#### [PROBLEM TO SOLVE]
Each line of the data below should be restated exactly, with images left out.

[Dataset items]
=======
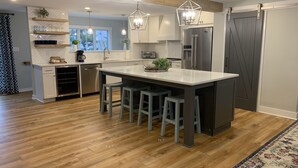 Une cuisine moderne dotée d’un îlot central, de tabourets de bar, d’un plancher en bois et d’un dosseret de carreaux disposés en motif chevrons.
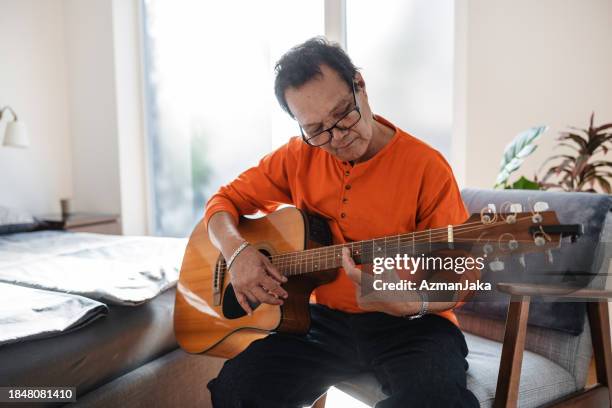 man learning guitar - asian musician stock pictures, royalty-free photos & images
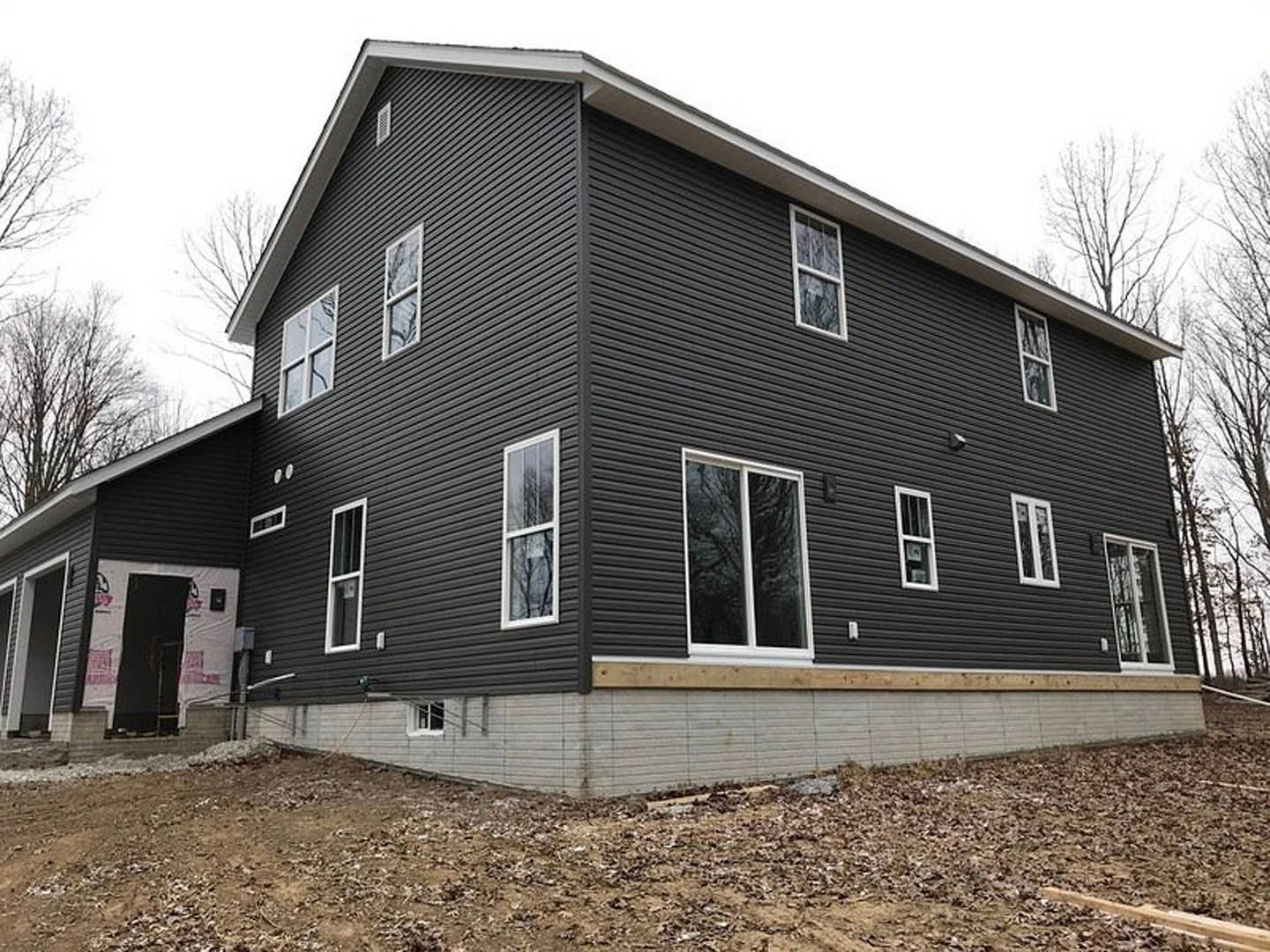 Grey siding house under construction with white framed window, black door, dirt path and scattered leaves in front, trees and sky in background
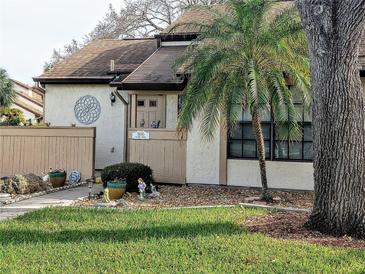 Tan exterior condo with mature landscaping and a walkway at 5650 Mashie Cir, North Port, FL 34287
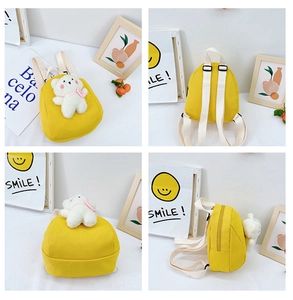 Detail view of mini yellow canvas toddler backpack with cute plush bear and straps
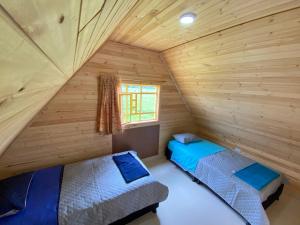 2 camas en una cabaña de madera con ventana en Cabaña campestre en Chiquinquirá, en Saboyá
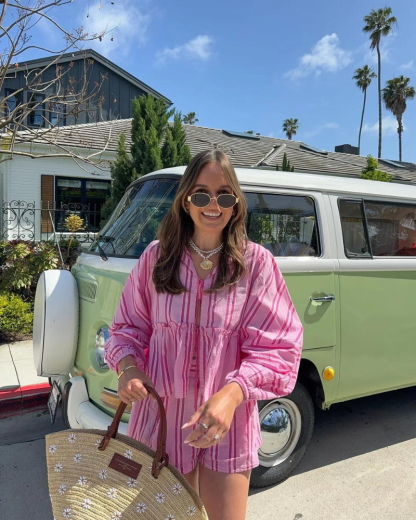 Woman in hot pink striped matching shorts set with peplum and long sleeves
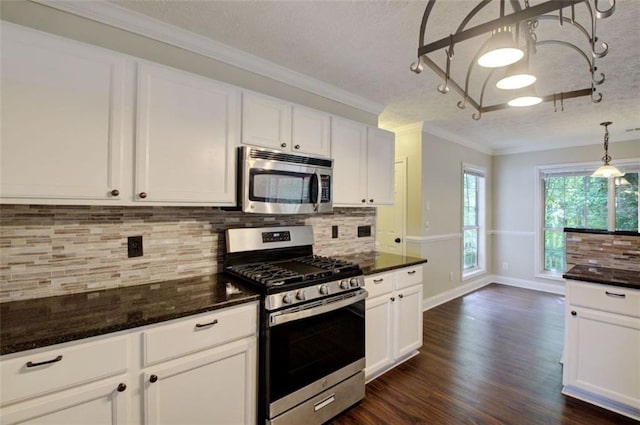 kitchen featuring dark stone countertops, white cabinets, hanging light fixtures, ornamental molding, and stainless steel appliances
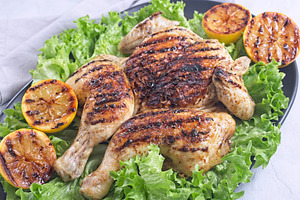 Grilled spatchcocked chicken with lemon garlic marinade on lettuce with lemon h, a Food & Drink Photo by iuliia_n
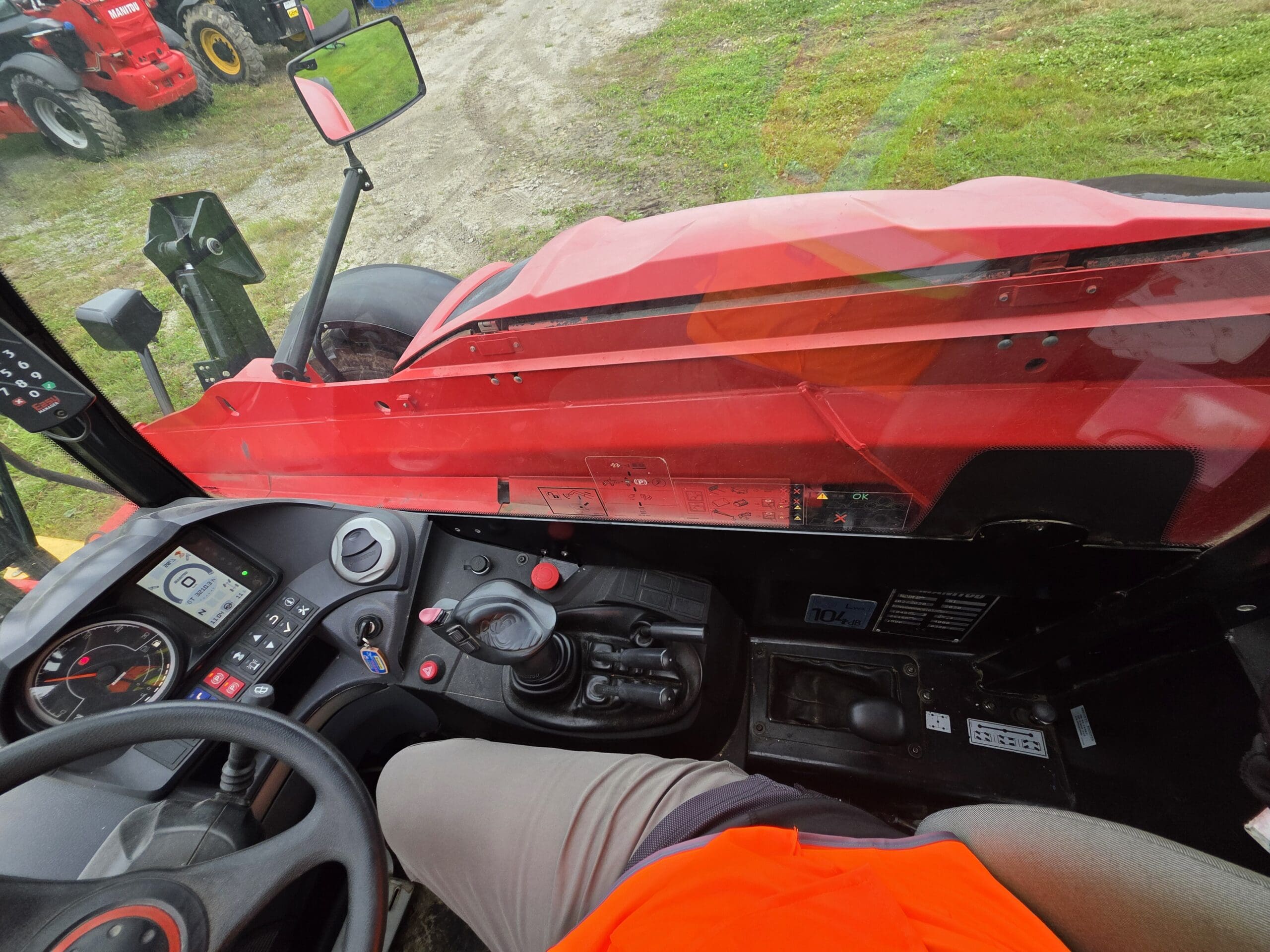 Vue depuis l'intérieur de la cabine d'un tracteur rouge, montrant le volant, le tableau de bord, les leviers et une partie d'une personne vêtue d'un pantalon gris et d'une chemise orange, assise au poste de conduite. À l'extérieur, on aperçoit de l'herbe et des machines.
=======
#### [EXERCISE RESULT]
 Une cuisine moderne dotée d’un îlot central, de tabourets de bar, d’un plancher en bois et d’un dosseret de carreaux disposés en motif chevrons.
 man learning guitar - asian musician stock pictures, royalty-free photos & images
 Grey siding house under construction with white framed window, black door, dirt path and scattered leaves in front, trees and sky in background
 Tan exterior condo with mature landscaping and a walkway at 5650 Mashie Cir, North Port, FL 34287
 Detail view of mini yellow canvas toddler backpack with cute plush bear and straps
 2 camas en una cabaña de madera con ventana en Cabaña campestre en Chiquinquirá, en Saboyá
 Woman in hot pink striped matching shorts set with peplum and long sleeves
 kitchen featuring dark stone countertops, white cabinets, hanging light fixtures, ornamental molding, and stainless steel appliances
 Grilled spatchcocked chicken with lemon garlic marinade on lettuce with lemon h, a Food & Drink Photo by iuliia_n
 Vue depuis l'intérieur de la cabine d'un tracteur rouge, montrant le volant, le tableau de bord, les leviers et une partie d'une personne vêtue d'un pantalon gris et d'une chemise orange, assise au poste de conduite. À l'extérieur, on aperçoit de l'herbe et des machines.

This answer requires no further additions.